A woman died after the vehicle she was in drove past a Caltrans blockade and was submerged in floodwaters in Yuba County, officials said.

A woman in California drowned after the car she was in drove into floodwaters as El Niño-inspired storms hit the area over the weekend, and homes were damaged.

The woman, who was not identified, was a passenger in a car that drove around a blockade in Olivehurst and became submerged, NBC station KCRA of Sacramento reported. A man who was driving the car escaped, the station said. It was unclear whether he would be charged with a crime.

"The water was 6 to 8 feet deep by the time we were able to get into the vehicle. It took the dive team a while to find it," Olivehurst Fire Chief Wade Harrison told reporters.

"Turn around, find another way around — it's not worth it," Harrison said.

Another person was killed in San Ramon, when the driver's car jumped off the roadway and hit several trees, NBC Bay Area reported. Officials said a wet roadway and speeding were the likely causes of the crash.

A pedestrian crosses the street behind a cable car Friday in San Francisco.
A pedestrian crosses the street behind a cable car Friday in San Francisco.AP

In Southern California, four people and a dog were rescued from the Los Angeles River after they were swept from a homeless encampment into rushing floodwaters, NBC Los Angeles reported.

A series of storms began sweeping through much of California on Friday and were expected to last through Monday, forecasters said.

A string of Pacific storms was expected to continue along the West Coast throughout the week, with higher elevations getting significant amounts of snow.

Few higher elevations of Marin, Monterey, Santa Clara and Santa Cruz counties had picked up more than 6 inches of rain by Sunday night, but 8.89 inches was reported at Mount Umunhum.

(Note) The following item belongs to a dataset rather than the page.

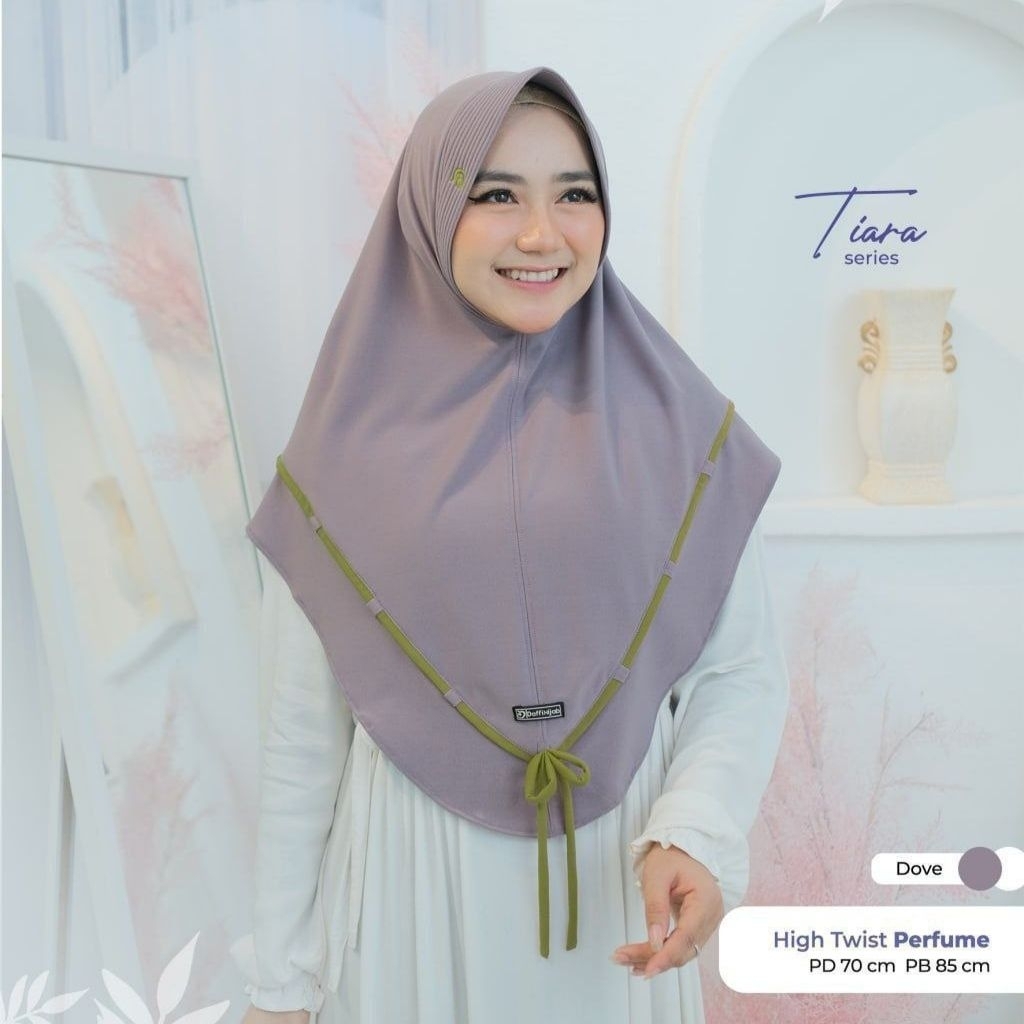 Daffi Hijab - Tiara Series Hijab Instan Bahan High Twist Perfume Pad Antem Khas Daffi Aksen List Pit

Droves of snowboarders, skiers and sledders packed nearby slopes Saturday, while tourists braved wet weather and visited San Francisco landmarks before an even more blustery storm arrived later in the day, bringing nearly an inch and a half of rain — breaking a daily rainfall record set in 1962.

"It doesn't matter if it rains. We want to see as much as possible, because we only have four days," said Olle Klefbom, a tourist from Sweden wearing rain jackets and holding umbrellas with his family, who waited for a cable car Saturday afternoon. "We want to go to Alcatraz this afternoon. But if it rains too hard, we'll go shopping instead."

Downtown Soquel, in Santa Cruz County, got more than an inch and a half in a one hour period Saturday, according to county officials. Creeks rose above flood stage but subsided by Sunday, they said.

In San Jose, flooding led to mudslides and rock slides that blocked a lane on Highway 17, according to The Weather Channel.